Creative ways to increase cashflow!

9 Replies

Hey BP! I am just getting started in both the real estate and BP worlds -- I love the fact that, as owners, we have the ability to pull on different cost-levers to increase the performance of our properties! I have a goal to increase my cashflow by 25% without raising rents... here's my progress and how I'm doing it. Would love to hear other ideas & feedback. Let's help each other increase the performance of our portfolio's!

Current cashflow: ~ 750 monthly at a small multi-family property - 4 units

Cost Levers:

  • Garbage bill: $105 monthly --> transferring to tenants; +14% cashflow improvement
  • Storage Shed (8x8): 1000 install price yielding a $50 monthly cashflow --> +6.5% cashflow improvement

Other Opportunities:

  • Water Bill: currently around 350 monthly - this is paid by owner which is the county standard, but I am unsure if it is a hard requirement. If it is, any upgrades that would noticeably decrease a water bill? This represents a HUGE chunk.
  • Property Management Fee: +10% cashflow improvement 

User-Submitted Ideas:

  • @jeff gates - side yard RV storage, $100 a month. potential advertising on exterior fence; +12% a month

Updated about 1 year ago

Whoops, property mangement... its a 10% fee, but this represents a ~35% increase to cashflow. Just by doing the garbage conversion, the storage option, & the property mgmt change, I can increase my cashflow by nearly 60%! I know this may seem like small potatoes to some, but when you're starting out like me, it makes all the difference!

@Eric Bunratty -  I always start by doing the following

Billing back for all utilties, including water.  Sometimes I just do a $35-$50 flat fee for the water/sewer.  Other times I'll go through the accounting headache of doing a RUBS billback.  Just make sure to check your local laws and be aware that you're NOT allowed to make money on utilities.

I always charge rent for garage spaces. $50/month per space.

@Michael Ablan I like the flat fee for the water sewer. In my discussions (offline) about a fee for water and transferring the garbage cost to the tenants, I have had a lot of responses telling me to simply just raise the rent:

  • ie $1000 for rent and a $50 water sewer charge and $25 garbage bill OR just $1075 rent per month... 

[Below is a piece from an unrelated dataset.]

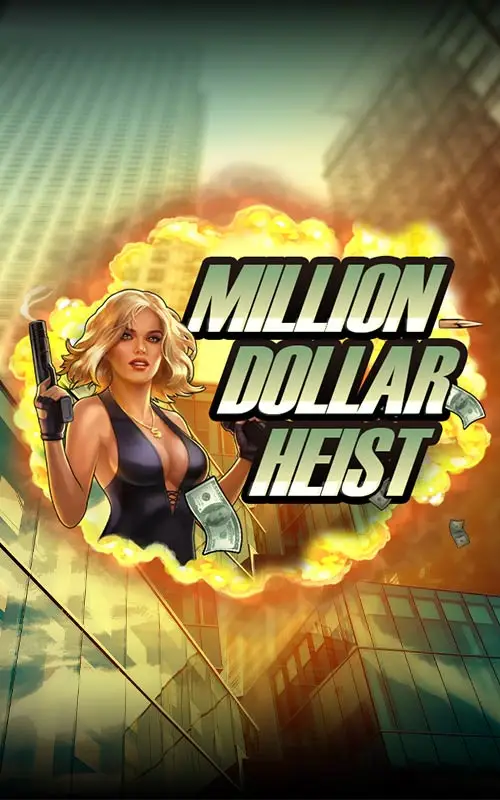 Million Dollar Heist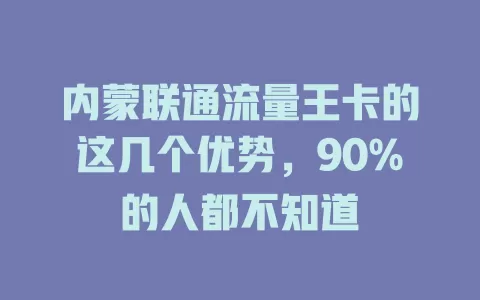 内蒙联通流量王卡的这几个优势，90%的人都不知道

Maybe this is a trivial question -- but I think that there is a psychological benefit to split out the costs instead of raising the rent. Does anyone have thoughts on that? It seems like being able to advertise the unit at a lower cost would have a positive result.

Those all look pretty good.  I didn't even think about adding storage.  That is a great way to increase cash flow.

As for utilities.  I have seen some advertise as the tenant pays utilities, while others mention in the ad the rent includes utilities.  One thing to keep in mind is how your rent compares to others nearby.  If the owners down the street pay all utilities and the rent is cheaper people may not go along with it.  But sometimes you can get away with it for having a nicer looking place to rent or if rentals in the area are slim pickings.  You will know pretty fast if it doesn't go very well and I am sure you will get some feedback from the tenants.  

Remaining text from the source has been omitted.